Anggota Komisi IV DPR RI, Rajiv, mendesak pemerintah pusat dan daerah untuk segera melakukan evaluasi menyeluruh terhadap seluruh izin yang telah diterbitkan terkait aktivitas wisata, pertambangan, serta alih fungsi lahan di kawasan Bandung Raya, Jawa Barat. Menurutnya, persoalan lingkungan yang terjadi di wilayah tersebut bukan lagi sekadar fenomena alam biasa, melainkan akumulasi dari kebijakan perizinan yang dinilai tidak disiplin secara ekologis.

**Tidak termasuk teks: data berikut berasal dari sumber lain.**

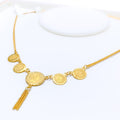 22k-gold-Elegant Hanging Coin Necklace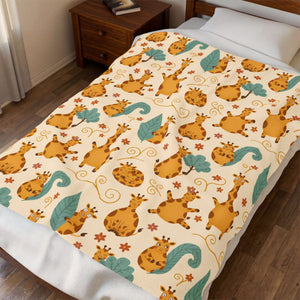 Giraffe Friends Velveteen Plush Blanket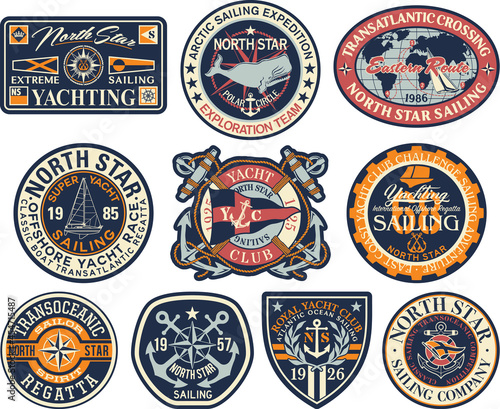 Sailing and yachting badges patches and symbols vector collection for nautical  print or embroidery photo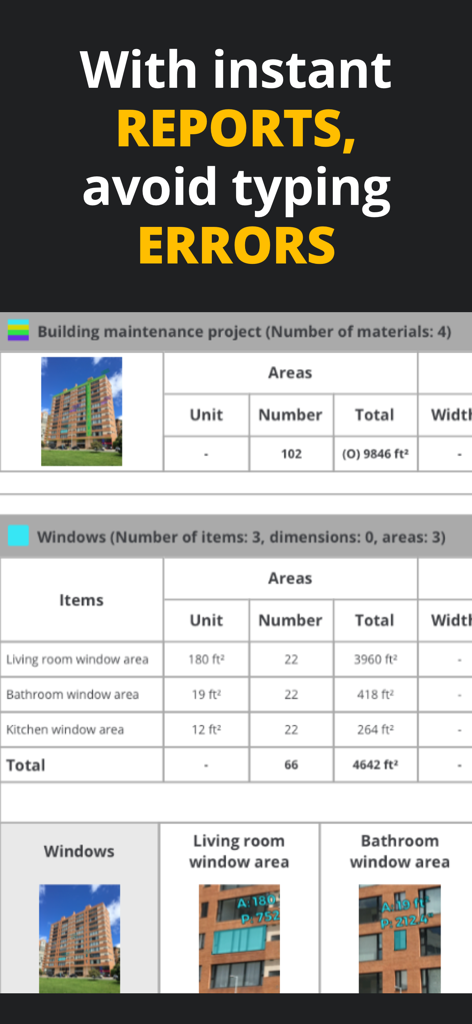 MIDDELO Facade Measuring Tool - A digital report from the MIDDELO app showing detailed window and building facade area measurements to prevent manual typing errors.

Evaluasi Menyeluruh Diperlukan
“Evaluasi total diperlukan agar tidak ada lagi aktivitas yang bertentangan dengan fungsi ekologis kawasan,” ujar Rajiv dalam keterangan tertulisnya pada Sabtu (13/12/2025).
Rajiv menyoroti maraknya alih fungsi lahan di Bandung Raya yang telah menggeser peran lahan pertanian dan kawasan hijau menjadi area terbangun. Perubahan ini, secara ilmiah, berdampak pada penurunan kapasitas infiltrasi air dan peningkatan limpasan permukaan.

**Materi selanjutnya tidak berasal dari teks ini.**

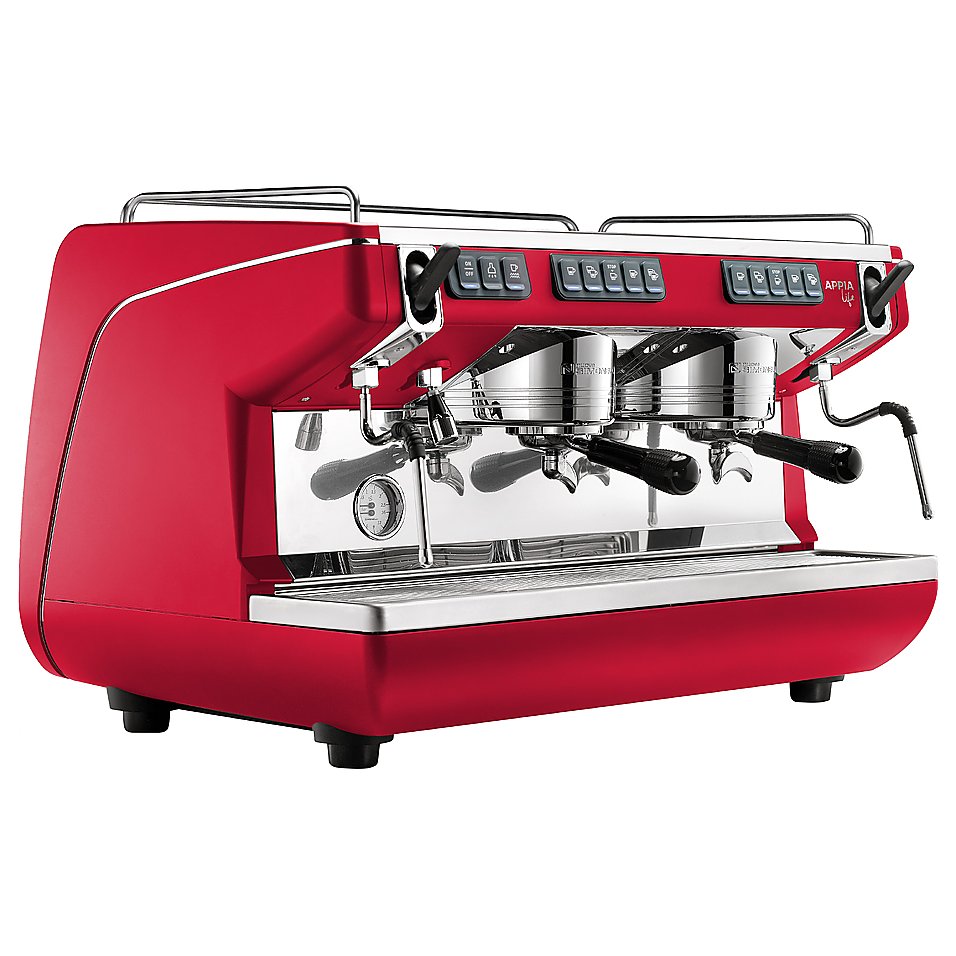 Кофемашина Nuova Simonelli Appia Life 2Gr V красная, высокие группы, экономайзер, автомат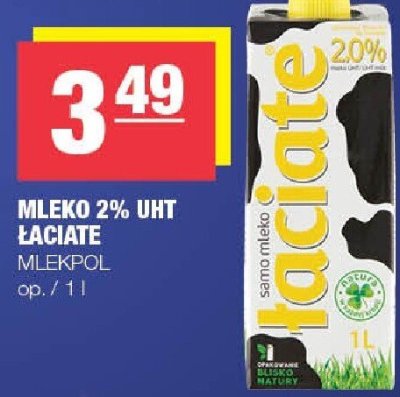 Mleko 2% UHT Łaciate Mlekpol promocja w SPAR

“Dalam jangka panjang, wilayah ini akan menghadapi paradoks ekologis. Kerusakan lingkungan di wilayah hulu akan berdampak langsung pada kawasan hilir, mulai dari banjir, longsor hingga krisis air bersih,” jelasnya.
Lemahnya Pengawasan AMDAL
Lebih lanjut, Rajiv mengungkapkan bahwa pengawasan terhadap pelaksanaan Analisis Mengenai Dampak Lingkungan (AMDAL) masih tergolong lemah. Ia menemukan masih banyak izin yang diterbitkan tanpa melalui kajian lingkungan yang komprehensif.

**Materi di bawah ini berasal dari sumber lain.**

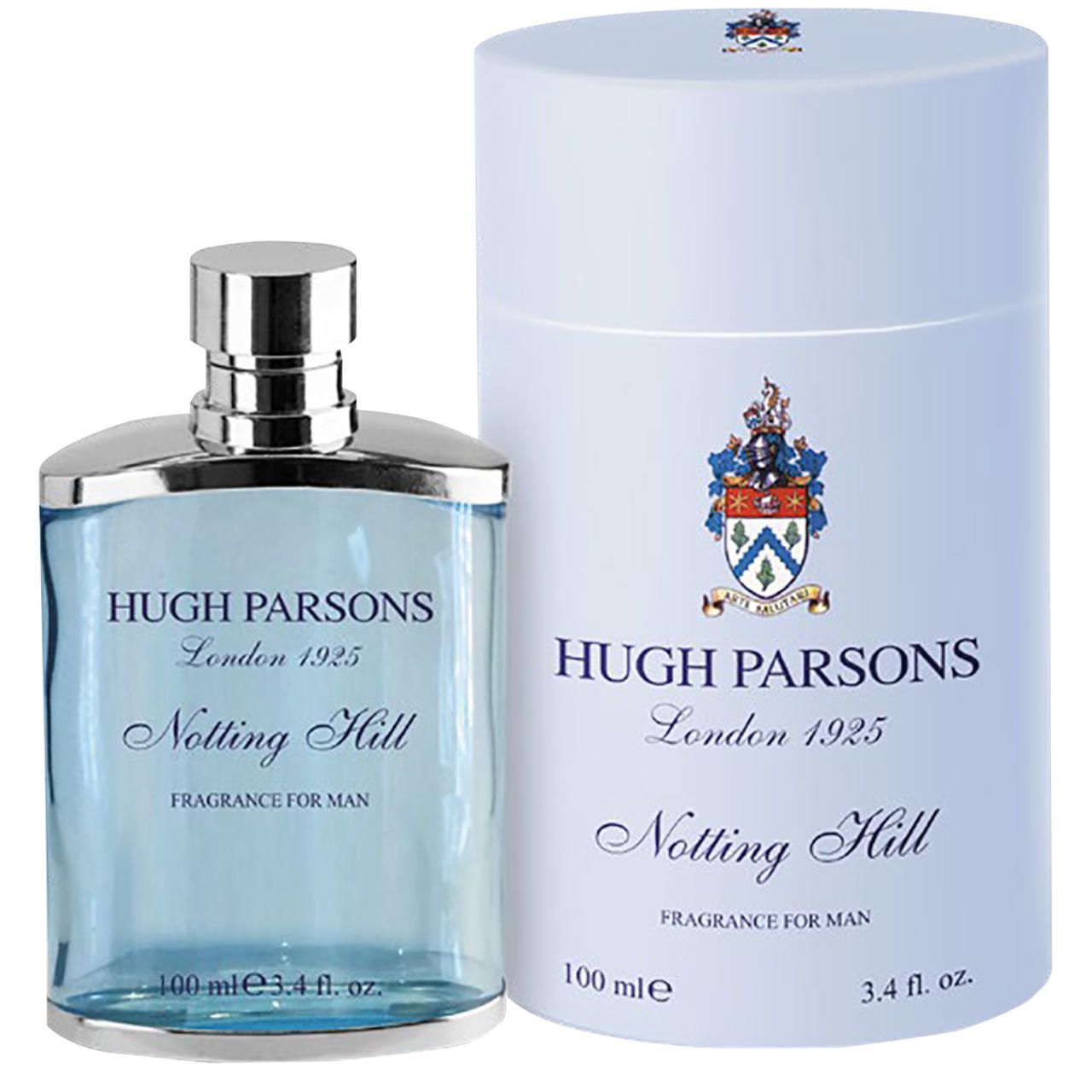 Glasflakon und zylindrische Verpackung. Flakon: Hugh Parsons London 1925, Notting Hill, Fragrance for Man. Verpackung mit Logo.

“AMDAL yang hanya bersifat administratif tanpa pengawasan implementasi di lapangan,” tambahnya.
Untuk itu, Rajiv mendorong kementerian dan lembaga terkait untuk melakukan sinkronisasi data perizinan. Sinkronisasi ini mencakup izin pariwisata berbasis alam, kegiatan pertambangan, serta perubahan peruntukan lahan yang berpotensi melanggar rencana tata ruang wilayah (RTRW) dan kawasan lindung.
“Pembangunan boleh berjalan, tetapi harus sejalan dengan kemampuan alam dan tata ruang yang telah ditetapkan. Pembangunan yang kuat adalah pembangunan yang berpijak pada keberlanjutan,” tegasnya.
Prinsip Pencegahan dan Kehati-hatian
Rajiv juga mengingatkan bahwa Undang-Undang Nomor 32 Tahun 2009 tentang Perlindungan dan Pengelolaan Lingkungan Hidup telah mengamanatkan prinsip pencegahan dan kehati-hatian.
“Negara tidak boleh menunggu kerusakan terjadi baru bertindak. Evaluasi izin harus menjadi langkah korektif untuk mencegah kerusakan yang lebih luas dan permanen,” pungkasnya.
Dalam konteks pembangunan nasional, Rajiv menegaskan penguatan tata kelola sumber daya alam merupakan bagian penting dari visi Asta Cita Pemerintahan Presiden Prabowo Subianto, khususnya dalam menjaga kedaulatan lingkungan dan ketahanan wilayah.
“Pembangunan harus berpijak pada kehati-hatian. Ketika ruang sudah rusak, biaya pemulihannya jauh lebih mahal daripada keuntungan ekonomi sesaat,” tutupnya.